Because of the practical difficulties involved in valuing the availability of an employer-provided automobile, the IRS has created a special rule called the "annual lease value" method. Although the annual lease value method is not the only way of handling this issue, it is by far the simplest way for the employer and ordinarily produces a lower amount of income reportable to the employee than other methods.

Under the annual lease value method, the employer includes in the employee's W-2 income an amount from an IRS-provided table based on the fair market value of the automobile provided. This amount takes into account the value of the automobile itself--the cost of purchasing or leasing the vehicle plus the cost of insurance, taxes and license fees--plus the cost of maintaining the vehicle mechanically.

The annual lease value amount per the IRS table for an automobile worth $35,500 is $9,250. This amount assumes 100% personal use of the vehicle by the employee. To the extent that personal usage is less than 100%, the amount includible in the employee's W-2 income is reduced proportionately. Assume that the employee in question uses the automobile 90% for business purposes and 10% for personal purposes including commuting. The amount includible in the employee's income related to the availability of the automobile would be 10% of $9,250 or $925 per year.

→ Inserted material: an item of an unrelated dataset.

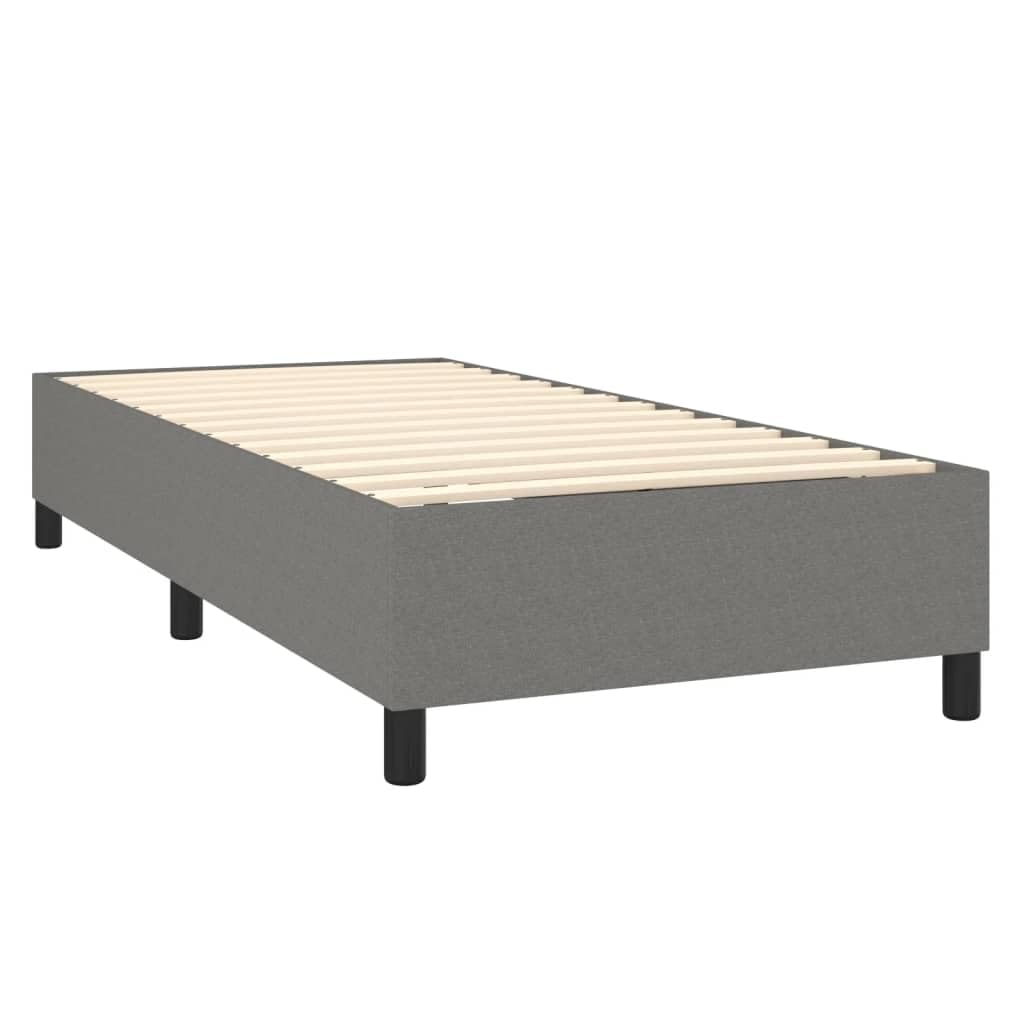 vidaXL Twin XL Fabric Box Spring Bed Frame - Dark Gray Polyester, Plywood and Engineered Wood, Superb Comfort and Durability, California Prop 65 Compliant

The annual lease value method does not take into account the cost of fuel. If the Company also provides fuel, an additional amount must be added to the employee's income. The employer can choose to account for fuel based on its actual cost or use a simplified method. Under the simplified method, fuel is valued at 5.5 cents per mile. Again, the assumption is 100% business use, and the amount actually includible is reduced proportionately for the employee's business usage of the car.

Assume that the employee reports total usage of 1,000 miles per month and business usage of 900 miles per month; in other words, 90% business usage. The amount includible in the employee's W-2 for fuel would be 100 miles per month personal usage at 5.5 cents per mile$5.50 per month.

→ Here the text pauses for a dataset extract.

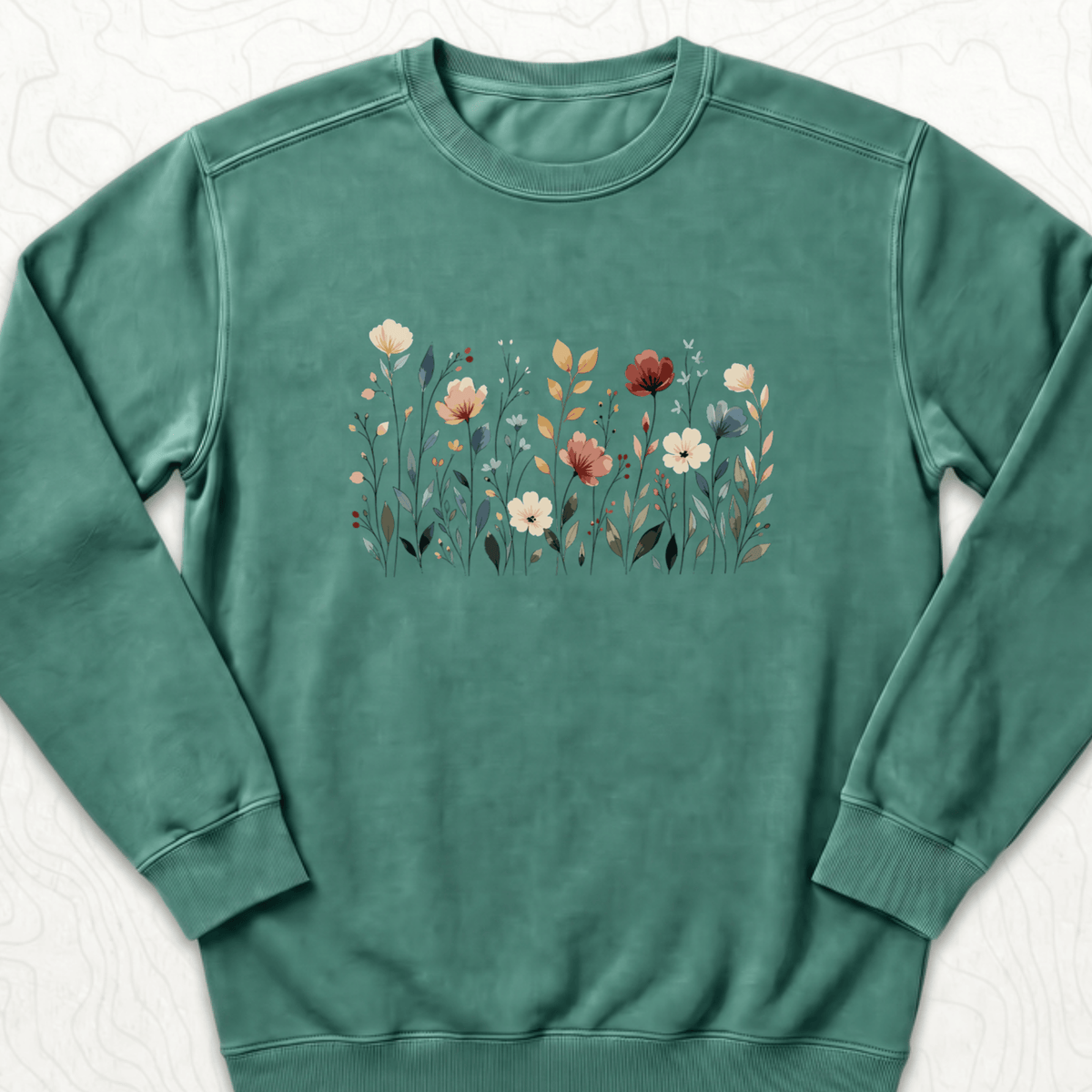 Wildflower Meadow Sweatshirt - Light Green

In this example, I have used 90% business usage simply for illustrative purposes. Keep in mind that commuting from the employee's home to the office is considered personal use of the automobile. Also keep in mind that it is ultimately the employer's responsibility to support the business usage claimed by the employee. It would be wise to evaluate the employee's statements regarding business usage for reasonability taking into account the employee's commuting distance to the office. If the employee in our example who drives 1,000 miles per month has a 20-mile round-trip commute and comes to the office 5 days per week, then there is 10% personal use in commuting alone. Obviously, the reported personal usage must be at least high enough to take into account the employee's commuting habits at a bare minimum. Otherwise, the business usage claimed is not credible on its face. IRS examiners routinely press this point.

Employer Tax Consequences

The annual lease value method and the simplified method of dealing with the cost of employer-provided fuel do not affect the employer's deductions at all. These methods simply represent short-cut, simplified rules for dealing with valuing the employee's personal use of an employer-provided automobile.

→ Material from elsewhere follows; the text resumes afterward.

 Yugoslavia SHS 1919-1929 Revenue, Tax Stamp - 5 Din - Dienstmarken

The employer is able to deduct the full amount of all expenses relating to ownership and maintenance of the automobile. In other words, the Company reports and deducts in full the lease payments, maintenance, taxes, license fees, and the actual cost of providing fuel.

There is one additional item that must be taken into account where automobiles are concerned. You may be aware of what is commonly called the luxury car rules in which the deductions associated with ownership of what the government considers a luxury car are curtailed. For leased automobiles there is another IRS table that provides certain amounts that must be included annually in taxable income to take into account these rules. For an automobile worth $35,500, the amount is $161 for the first year, $355 for the second year, $526 for the third year, and $631 for the fourth year. These amounts have nothing to do with personal versus business use. 100% of the amounts set forth above must be included in taxable income as set forth above to account for the luxury car rules.